The article, entitled "Bin Laden and the Oil Weapon," and posted Feb. 8 in an issue of the once-dormant e-zine "Voice of Jihad," calls on the Saudi branch of Al Qaeda to strike oil-related targets, "as instructed by our [emir], Sheikh Usama bin Laden."

The latest issue of "Voice of Jihad" appears after a nearly two-year hiatus, and just days after the reappearance on the Web of the Al Qaeda training manual "al Battar," indicating a possible resurgence of the Saudi node of Al Qaeda, aka the Al Qaeda Organization in the Arabian Peninsula, according to Stratfor, a Web-based global intelligence monitor.

While the article mentions that attacks should come against oil-producing facilities in Saudi Arabia, Kuwait, Qatar and the United Arab Emirates, it also mentions facilities belonging to Venezuela, Canada and Mexico.

"Do not overlook that the United States spent much on the technology of alternative energy, and it will spend more and seriously, and this is an indication that in the long run America may relinquish the Middle East or reduce its dependence on it, and is content with Canada oil, Mexico, Venezuela and some new agents," the article states.

"Therefore, [jihadists] must hit the oil interests in all of the regions that the United States benefits from, not in the Middle East only."

The article also mentions how bin Laden wants any attacks recorded, from start to finish, to be shown to international audiences.

"Sheikh Usama's directions are clear and frank in targeting the oil interests ... and the beauty of the target choice, and the collection of the documentary media materials of the operation, to be complete to all operation stages from the planning, the preparation and the execution," the article states.

The Saudi faction of Al Qaeda, once active in the region, has long called for the overthrow of the Saudi royal family, of which bin Laden is a member.

While one of the smaller Al Qaeda groups in the region, the group's threats and capabilities cannot be dismissed.
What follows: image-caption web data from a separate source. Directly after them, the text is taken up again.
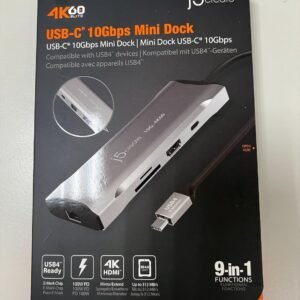 J5CREATE JCD393 J5CREATE USB-C® 3.2 to 10G 4K60 Multi-Port Adapter (9 in 1)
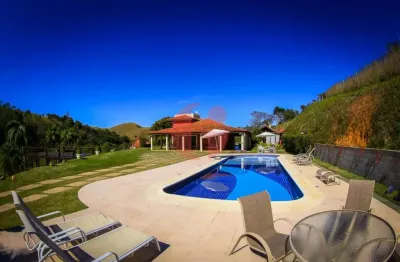 Sítio para venda com 4,86 alqueires - casa sede com 525m² sendo 05 quartos no bairro pau de saia em são josé dos campos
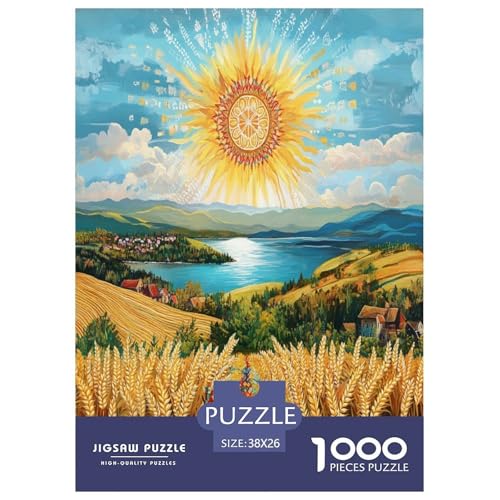 Weizenfeld Puzzle 1000 Teile Schwer Puzzle Spielzeug Lernspiel Impossible Herausforderungsspielzeug Für Erwachsene Und Kinder Ab 12 Jahren 38x26cm/1000pcs Weizenfeld Puzzle 1000 Teile Schwer Puzzle Spielzeug Lernspiel Impossible Herausforderungsspielzeug Für Erwachsene Und Kinder Ab 12 Jahren 38x26cm/1000pcs von XHSMSHWY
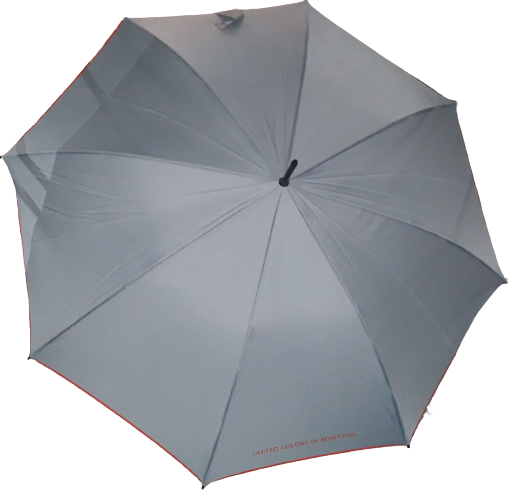 Ombrello Grande Unisex UNITED COLORS OF BENETTON- Umbrella - Grigio Arancio 56044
It claimed responsibility for a May 2003 terrorist attack in Riyadh that killed nine Americans and wounded 14 when three large car bombs were detonated inside a Western housing compound.
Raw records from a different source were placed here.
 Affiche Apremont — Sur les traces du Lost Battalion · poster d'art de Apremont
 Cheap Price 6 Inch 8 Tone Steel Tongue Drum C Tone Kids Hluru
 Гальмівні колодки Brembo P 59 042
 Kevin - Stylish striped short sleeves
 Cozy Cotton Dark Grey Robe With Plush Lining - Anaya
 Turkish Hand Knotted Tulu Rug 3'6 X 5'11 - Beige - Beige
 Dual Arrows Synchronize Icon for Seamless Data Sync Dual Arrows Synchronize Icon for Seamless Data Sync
The group also claimed responsibility for the December 2004 attacks against the U.S. Consulate in Jeddah and the Saudi Interior Ministry in Riyadh.

Saudi security forces cracked down on the group in June 2004, arresting several members while others are believed to have fled to Somalia, Syria, Iraq, Iran and other Al Qaeda-friendly states.
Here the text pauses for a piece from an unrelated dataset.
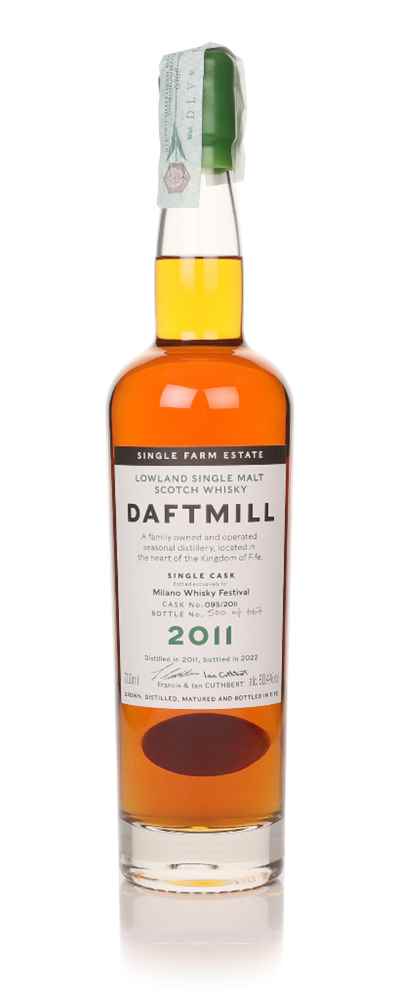 Daftmill 2011 (cask 095/2011) Single Cask - Milano Whisky Festival Exclusive Scotch Whisky | 700ML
The group resurfaced in February 2006 with a raid on an oil facility in the eastern town of Abqaiq.

This latest issue mentions the Abqaiq attack, which the Saudi oil ministry said did minimal damage, and claims that a few of the militants who participated in the raid "are still alive and still fighting."

The article trumpets the jihadists' comeback with an introductory note that reads, "… after a long time of being away, we return now and our return will uncover [the Saudi rulers'] lies and reveal all facts and clarify everything."

It also declares the faction's top leadership's allegiance to the Al Qaeda chieftain:

"We promise Usama bin Laden that we will continue on our path and never change until its victory or martyrdom because your soldiers in the peninsula are working toward achieving what will make you happy and make the believers happy."